Definition of an abstract, combinatorial graph

Question

I have $0$ background in graph theory. I was recently reading an overview/history article of loop quantum gravity here: And in Appendix A, we state that, among other things, a basis state in the Hilbert space for LQG is characterized by a (abstract, combinatorial graph). I am looking for a precise mathematical definition of these terms (tried googling around but couldn't find anything concrete), or if I need a lot of background to understand it, maybe a text recommendation at an introductory level.

Answer 1

I think you may relax, because, as far as I know, by an abstract, combinatorial graph is understood a usual graph. The words abstract and combinatorial belong not to a formal mathematical definition, but remark that we consider a graph as a set of vertices and edges, and we are not tied to its concrete realization, for instance, to a drawing on a plane.

Answer 2

An abstract, combinatorial graph may just be a usual graph as Alex noted.

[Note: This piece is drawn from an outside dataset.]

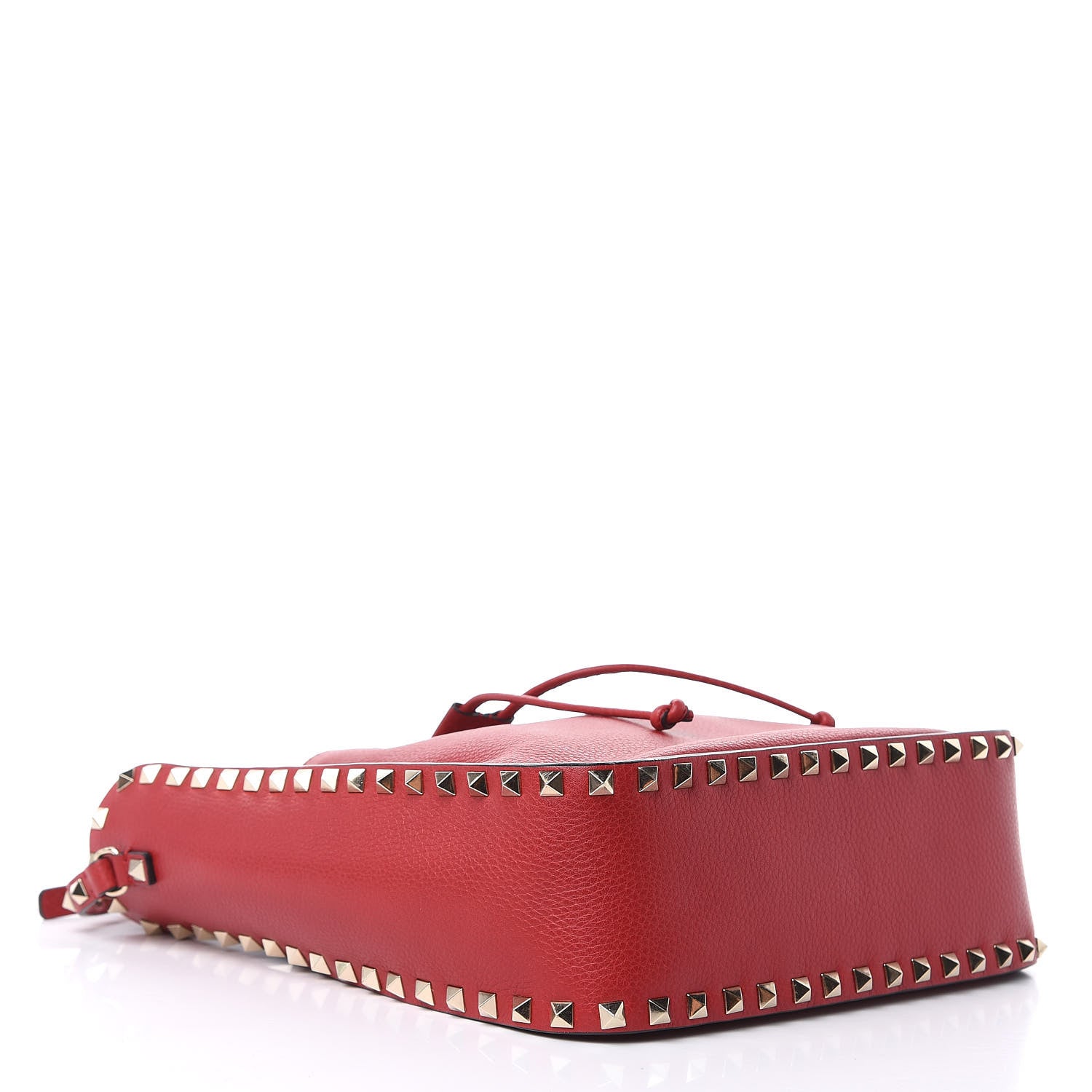 Valentino Garavani Grained Calfskin Rockstud Bucket Bag Red 4 of 10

Still, in some contexts, the notion of abstract graph has a precise definition. Just as with other structures (groups, monoids, vector spaces...) what is interesting with graphs has to do with the associated notion of morphism. Then, a concrete graph is just a normal graph and an abstract graph is a usual graph up-to isomorphism, usually defined as the equivalence class of a concrete graph.

The distinction is not always made. It is important in algebraic treatment of graphs (see the beginning of the second chapter of "Graph structure and monadic second-order logic: a language-theoretic approach" by Courcelle and Engelfriet for example).

I do believe that at some point abstract replaced combinatorial. For example the article "characterization and recognition of partial 3-trees" by Arnborg and Proskurowski. They use "combinatorial graphs" without definition, but in proofs they use the fact that their graphs are defined up-to isomorphism.